The results confirm that there is also substantial information for tree detection in last pulse data. Currently, in raster-based processing, this information has been largely neglected. The obtained results would even suggest the use of last pulse data for detection, but we assume that a hybrid model utilizing both the first and last pulse data should be developed, even when processing is done at raster level. The advantages of first pulse data obviously include the lower number of commission errors and the high quality of tree separation when the crowns are not overlapping, whereas the advantage of last pulse is in the separation of trees whose crowns overlap. A hybrid model, utilizing the advantages of both pulse types should be developed.

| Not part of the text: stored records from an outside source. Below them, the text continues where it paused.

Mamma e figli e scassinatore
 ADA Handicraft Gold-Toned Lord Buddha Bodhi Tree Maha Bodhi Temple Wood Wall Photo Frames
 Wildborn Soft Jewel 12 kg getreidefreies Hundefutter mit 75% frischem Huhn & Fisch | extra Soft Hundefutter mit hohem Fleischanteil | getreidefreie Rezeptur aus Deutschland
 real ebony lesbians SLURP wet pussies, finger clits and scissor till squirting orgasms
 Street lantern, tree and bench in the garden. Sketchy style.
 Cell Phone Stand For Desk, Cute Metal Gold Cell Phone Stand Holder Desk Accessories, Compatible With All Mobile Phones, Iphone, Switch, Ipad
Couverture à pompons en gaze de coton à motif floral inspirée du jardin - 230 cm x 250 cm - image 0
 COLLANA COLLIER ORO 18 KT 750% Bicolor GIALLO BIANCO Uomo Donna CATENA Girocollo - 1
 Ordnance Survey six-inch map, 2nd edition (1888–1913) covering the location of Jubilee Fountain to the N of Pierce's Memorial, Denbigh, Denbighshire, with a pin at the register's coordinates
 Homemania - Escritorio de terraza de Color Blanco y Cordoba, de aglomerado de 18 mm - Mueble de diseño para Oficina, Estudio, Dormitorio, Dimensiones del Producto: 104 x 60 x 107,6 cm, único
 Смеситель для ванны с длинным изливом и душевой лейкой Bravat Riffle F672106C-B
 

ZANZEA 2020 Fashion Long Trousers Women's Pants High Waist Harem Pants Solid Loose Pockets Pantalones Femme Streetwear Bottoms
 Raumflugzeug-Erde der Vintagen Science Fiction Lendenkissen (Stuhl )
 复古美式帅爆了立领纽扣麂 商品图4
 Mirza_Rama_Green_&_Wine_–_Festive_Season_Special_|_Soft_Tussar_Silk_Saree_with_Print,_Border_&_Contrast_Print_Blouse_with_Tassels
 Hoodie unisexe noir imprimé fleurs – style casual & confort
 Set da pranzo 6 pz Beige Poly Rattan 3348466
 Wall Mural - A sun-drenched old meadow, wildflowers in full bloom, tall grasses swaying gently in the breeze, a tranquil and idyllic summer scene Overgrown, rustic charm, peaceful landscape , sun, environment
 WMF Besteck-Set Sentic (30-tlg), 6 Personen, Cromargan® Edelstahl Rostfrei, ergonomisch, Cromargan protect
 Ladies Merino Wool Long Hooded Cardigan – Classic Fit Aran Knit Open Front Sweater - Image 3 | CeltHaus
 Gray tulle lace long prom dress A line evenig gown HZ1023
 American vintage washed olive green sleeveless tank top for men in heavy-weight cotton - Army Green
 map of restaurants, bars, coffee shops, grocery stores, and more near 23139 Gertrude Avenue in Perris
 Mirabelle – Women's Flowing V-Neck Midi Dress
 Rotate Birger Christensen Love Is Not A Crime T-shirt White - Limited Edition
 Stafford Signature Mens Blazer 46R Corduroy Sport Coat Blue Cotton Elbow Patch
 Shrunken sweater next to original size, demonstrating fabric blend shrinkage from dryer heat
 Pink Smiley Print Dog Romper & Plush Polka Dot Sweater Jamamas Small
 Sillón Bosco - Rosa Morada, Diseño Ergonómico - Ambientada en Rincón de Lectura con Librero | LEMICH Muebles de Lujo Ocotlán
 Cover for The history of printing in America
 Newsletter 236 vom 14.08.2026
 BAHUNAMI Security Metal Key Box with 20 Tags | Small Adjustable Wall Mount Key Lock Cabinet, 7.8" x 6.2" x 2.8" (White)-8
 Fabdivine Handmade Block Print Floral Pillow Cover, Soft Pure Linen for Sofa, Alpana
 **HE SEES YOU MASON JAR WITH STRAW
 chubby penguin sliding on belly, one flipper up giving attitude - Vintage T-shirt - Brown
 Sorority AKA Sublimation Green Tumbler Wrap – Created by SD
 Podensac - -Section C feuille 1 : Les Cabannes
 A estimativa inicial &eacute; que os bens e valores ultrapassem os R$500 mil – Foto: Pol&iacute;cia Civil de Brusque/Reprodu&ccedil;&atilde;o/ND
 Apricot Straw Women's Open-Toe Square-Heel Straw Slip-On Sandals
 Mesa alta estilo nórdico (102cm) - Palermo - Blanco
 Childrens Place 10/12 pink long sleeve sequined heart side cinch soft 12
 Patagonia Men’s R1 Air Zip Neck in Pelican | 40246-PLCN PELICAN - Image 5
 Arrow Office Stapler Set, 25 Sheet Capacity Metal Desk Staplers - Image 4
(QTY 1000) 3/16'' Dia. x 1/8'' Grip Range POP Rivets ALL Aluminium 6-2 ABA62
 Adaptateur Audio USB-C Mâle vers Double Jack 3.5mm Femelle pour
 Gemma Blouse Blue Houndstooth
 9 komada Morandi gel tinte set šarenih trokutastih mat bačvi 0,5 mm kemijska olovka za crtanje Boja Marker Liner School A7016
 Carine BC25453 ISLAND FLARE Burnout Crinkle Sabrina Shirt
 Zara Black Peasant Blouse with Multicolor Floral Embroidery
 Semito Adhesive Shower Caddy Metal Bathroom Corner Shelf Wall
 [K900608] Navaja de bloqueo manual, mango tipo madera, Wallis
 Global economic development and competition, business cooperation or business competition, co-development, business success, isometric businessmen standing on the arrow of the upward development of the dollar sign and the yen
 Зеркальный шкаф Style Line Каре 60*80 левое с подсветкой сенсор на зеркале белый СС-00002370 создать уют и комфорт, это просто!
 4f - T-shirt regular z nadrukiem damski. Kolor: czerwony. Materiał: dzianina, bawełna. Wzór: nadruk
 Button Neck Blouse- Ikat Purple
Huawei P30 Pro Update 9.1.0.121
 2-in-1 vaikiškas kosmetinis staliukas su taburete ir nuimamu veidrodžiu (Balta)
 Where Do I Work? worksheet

Previously, last pulse data has been demonstrated to be usable for various applications. Liang et al. [77] used a simple technique (the difference of the first and last pulse returns under leaf-off conditions) to discriminate between deciduous and coniferous trees at individual tree level. In Matikainen et al. [78], a comparison between first pulse and last pulse laser scanner data in building detection was carried out. Both visual and numerical quality evaluations showed that the correctness of the results improved when last pulse data were used instead of first pulse data. In building detection using leaf-off data, the clearest difference between the first pulse and last pulse results was the proportion of the area classified as trees, which was considerably larger when the first pulse DSM was used [78].

With leaf-off data, more complex decision rules have to be developed for tree detection. With leaf-off data, the coniferous trees behave similarly to the leaf-on data, but the response of the deciduous trees can vary and needs to be studied in detail. A hybrid technique, utilizing both the first and last pulse data, may provide a working solution for deciduous canopies.

The applied 2.5 m maximum distance for tree matching is a possible error source when matching small trees. A variable distance, based on tree height, could be used in future. Matching using variable distance based on the DBH of the tree is reported in [79].

3.2. The Accuracy of Area-Based Prediction of Forest Variables

We wanted to show that the use of individual tree features as predictors increases the accuracy of stem volume in area-based predictions. Table 3 summarizes the results for mean height, mean DBH and stem volume when using (a) all features (both individual tree-based and point height metrics); (b) point height metrics and (c) individual tree-based features. With regard to volume estimation, there is a substantial improvement when using individual tree-based features as input for area-based prediction when compared to point height metrics. The results were repeated using two point densities and two DBH versus height models, and the combined data set, consisting of individual tree-based and point height metrics, provided the most accurate forest variable predictions in all cases. Since individual tree-based features can easily be added to the ABA method, the results propose a potential improvement in the accuracy of the estimation of forest variables in the ABA.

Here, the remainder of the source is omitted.